There was no answer at Burba's home Saturday. Offices of Panorama were closed for the weekend.
0 Replies
 
Tartarin
 
  1  
Reply Sat 19 Jul, 2003 12:19 pm
The NYTimes has come up, about an hour ago, with a long, analytical report of which what follows is the final paragraph. A very thorough report on who said what when:


"Intelligence doesn't necessarily mean something is true," said Gen. Richard B. Myers, chairman of the Joint Chiefs of Staff at a Pentagon news briefing after major combat ended in Iraq. "You know, it's your best estimate of the situation. It doesn't mean it's a fact. I mean, that's not what intelligence is."

http://www.nytimes.com/2003/07/20/international/worldspecial/20WEAP.html?ei=5062&en=28360ecb210885f6&ex=1059278400&partner=GOOGLE&pagewanted=print&position=
0 Replies
 
mamajuana
 
  1  
Reply Sat 19 Jul, 2003 12:38 pm
Cobalt - what I read (it was probably the NY Times but I don't remember) is that the TIA was simply not going to receive the funding, which effectively knocked it out of the box. There was also discussion about patriot II, but I know no more.

A lot of people had fully and hopefully expected that this story would be old, forgotten news by now. Up to now, the WH has been successful in clamping down on and hiding anything incriminating at all. Bu it looks like maybe the old fear factor isn't working so well anymore. Once people start allowing their names to be used as sources of information publically, the hide is off the horse.
0 Replies
 
cicerone imposter
 
  1  
Reply Sat 19 Jul, 2003 01:23 pm
PLEASE! No thousand dollar words; my dictionary is already over-used. c.i.
0 Replies
 
Tartarin
 
  1  
Reply Sat 19 Jul, 2003 01:54 pm
Mamaj -- I was trying to remember -- there was an article somewhere about TIA being renamed and reconstituted?
0 Replies
 
BumbleBeeBoogie
 
  1  
Reply Sat 19 Jul, 2003 03:18 pm
Bush is blaming everyone (Rice & Fleischer) but himself
"President Bush chastised senior advisers, including National Security Adviser Condoleezza Rice and outgoing press spokesman Ari Fleischer, about the uranium intelligence flap and the White House's handling of it several times during the recent trip to Africa.

Spokesmen at the time initially said the White House was provided with bad intelligence from the CIA, only to reverse course a day later and claim the intelligence may still be valid although it should not have been included in a presidential speech.

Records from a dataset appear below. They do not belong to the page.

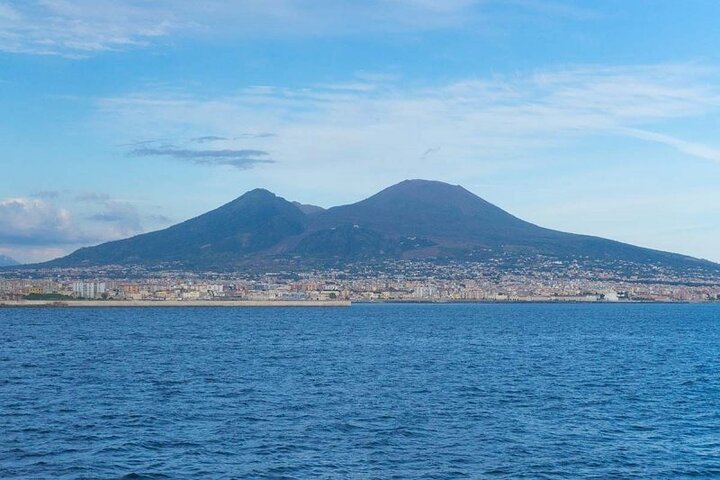 Private Day Trip at Mount Vesuvio and the Pompei or Herculanum - Image 3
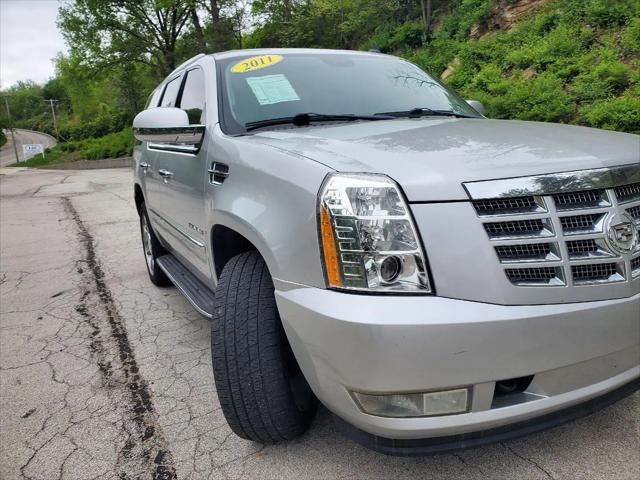 2011 Cadillac Escalade Luxury
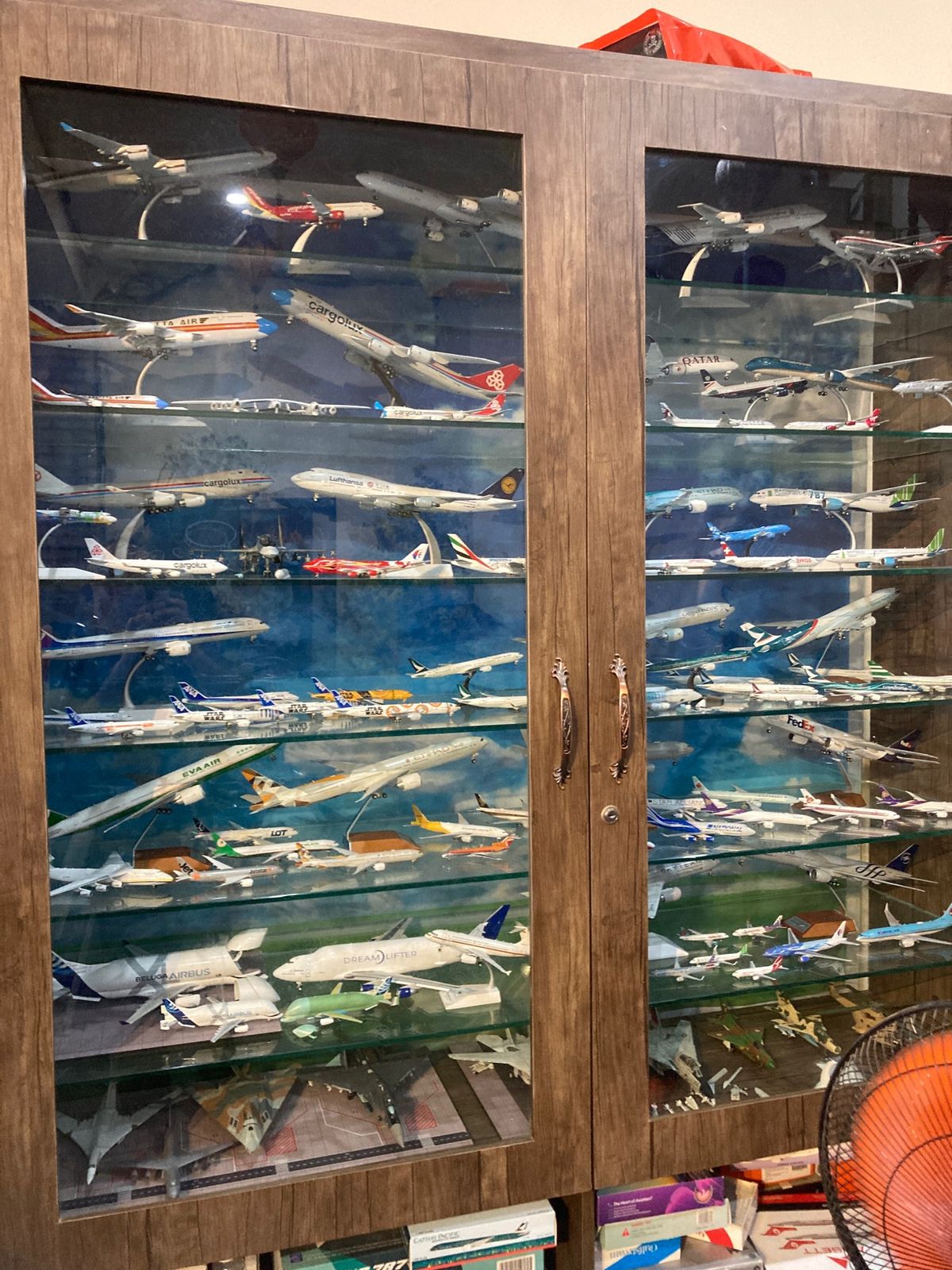 で、前回に続き飛行機の眺められるカフェへ。前とは違うお店へ入店。
ちょうど...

"The president wanted the matter settled," one official said of Mr. Bush's harsh words for his advisers."
0 Replies
 
cicerone imposter
 
  1  
Reply Sat 19 Jul, 2003 03:25 pm
I said earlier in another forum that Ari left after adding two and two together, and realized what was happening. I really think more people are gonna be placing their resignation letters on the presidents desk in the not distant future. c.i.
0 Replies
 
snood
 
  1  
Reply Sat 19 Jul, 2003 03:35 pm
cicerone imposter wrote:
I said earlier in another forum that Ari left after adding two and two together, and realized what was happening. I really think more people are gonna be placing their resignation letters on the presidents desk in the not distant future. c.i.


I wonder if, in a few years, we're going to get some George Stephanopolis-type tell-alls about the Shrubster's antics?
0 Replies
 
JJ
 
  1  
Reply Sat 19 Jul, 2003 03:43 pm
5 more years...amen to one and all!
0 Replies
 
cicerone imposter
 
  1  
Reply Sat 19 Jul, 2003 04:29 pm
Yeah, they're all gonna become political consultants to the media. c.i.
0 Replies
 
cicerone imposter
 
  1  
Reply Sat 19 Jul, 2003 04:31 pm
Here's a unrelated triva: When I took the family to NYC many, many, years ago, we went to see the very first David Letterman Show. As we were walking out, I told my family that this show has no chance of lasting more than a week. Smile c.i.
0 Replies
 
edgarblythe
 
  1  
Reply Sat 19 Jul, 2003 04:55 pm
Ci
That was my first impression of the Letterman Show. I've never been able to sit through any of it.
0 Replies
 
Tartarin
 
  1  
Reply Sat 19 Jul, 2003 07:23 pm
I can't watch Letterman -- he's SO self-conscious. Agony!